Les chercheurs émettent une recommandation :

« Les politiques de conservation et les efforts de restauration devraient maintenir à la fois les forêts secondaires et celles anciennes dans le paysage, afin d’accroître le potentiel de conservation de la biodiversité des forêts secondaires et, par conséquent, celui de l’ensemble du paysage. »

Les scientifiques concluent prudemment que des siècles sont indispensables au rétablissement de la composition des espèces.

Des plantations pour développer le secteur forestier

Les forêts qui émergent après une étape de déforestation peuvent aussi consister en des forêts plantées. C’est ce que rappelle une récente note de l’EFI, qui radiographie les secteurs forestiers du Chili et de l’Uruguay, suite à une mission co-organisée par Misso (Groupama) et Interco, agence de développement international de la région Nouvelle-Aquitaine.

Au Chili, un reboisement par des compagnies forestières

Le Chili recèle une jeune forêt industrielle, plantée pour suppléer une surexploitation de la ressource forestière et l’érosion des sols causée par la coupe de forêts primaires visant à favoriser l’agriculture.

Trois entreprises privées (Arauco, CMPC et Masisa) possèdent quelque 60 % des forêts plantées du pays, gérées de manière intensive, avec fertilisation notamment. Elles couvrent 2,4 millions d’hectares, alors que les forêts « naturelles » s’étalent sur 14,6 millions d’hectares.

Les forêts cultivées fournissent 99 % du bois récolté dans le pays. Elles se composent de pin radiata (57 %), et d’eucalyptus (35 %). Le matériau participe à la fabrication de cellulose et à la production de bois de construction. Les entreprises exploitantes se soumettent aux certifications PEFC et FSC pour favoriser l’export. La filière représente 8,7 % des exportations du pays, 2 % du PIB national et 1,4 % des emplois.
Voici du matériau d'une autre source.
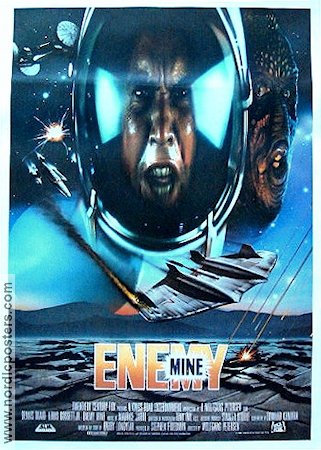 Enemy Mine 1985 poster Dennis Quaid Louis Gossett Jr Brion James Wolfgang Petersen Rymdskepp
En raison d’un conflit de propriété et d’usage, l’État chilien a dû opter pour une nouvelle politique de boisement en 2015 et favoriser la conservation des forêts naturelles ; les populations mapuche revendiquent des droits territoriaux.

L’Uruguay mise sur des contrats de gestion forestière

Quant à l’Uruguay, le pays a fait passer son taux de boisement de 4,5 % en 1990 à 10,5 % en 2016. La politique conduite y favorise les plantations forestières, avec des aides et des exemptions d’impôts à l’appui. Des contrats de gestion sont conclus avec les propriétaires terriens et l’administration définit les surfaces prioritaires de reboisement, en fonction de leur moindre intérêt pour l’exploitation agricole.

Le secteur forestier y est moins sujet à la concentration industrielle qu’au Chili. La forêt cultivée gagne du terrain sur l’agriculture, mais « sans empiéter sur les forêts natives », observe l’EFI. Les forêts « naturelles » uruguayennes couvrent 850 000 hectares, contre 1,2 million d’hectares pour les plantations forestières.

Le pays dispose de deux usines de production de pulpe d’une capacité de traitement de 10 millions de m3 de bois certifié PEFC et FSC. Les marchés destinataires sont principalement européen et chinois.

Déforestation à l’échelle globale

À l’échelle globale, la déforestation reste une réalité. Selon l’état des lieux 2018 des forêts dans le monde, produit par la FAO*, la part des terres couvertes par les forêts sur la planète est passée de 31,6 à 30,6 % entre 1990 et 2015. La tendance semble toutefois se ralentir ces dernières années, tandis qu’elle s’observe en particulier en Afrique subsaharienne, en Amérique Latine et en Asie du Sud-Est.

Martine Chartier/Forestopic

* Organisation des Nations unies pour l’alimentation et l’agriculture.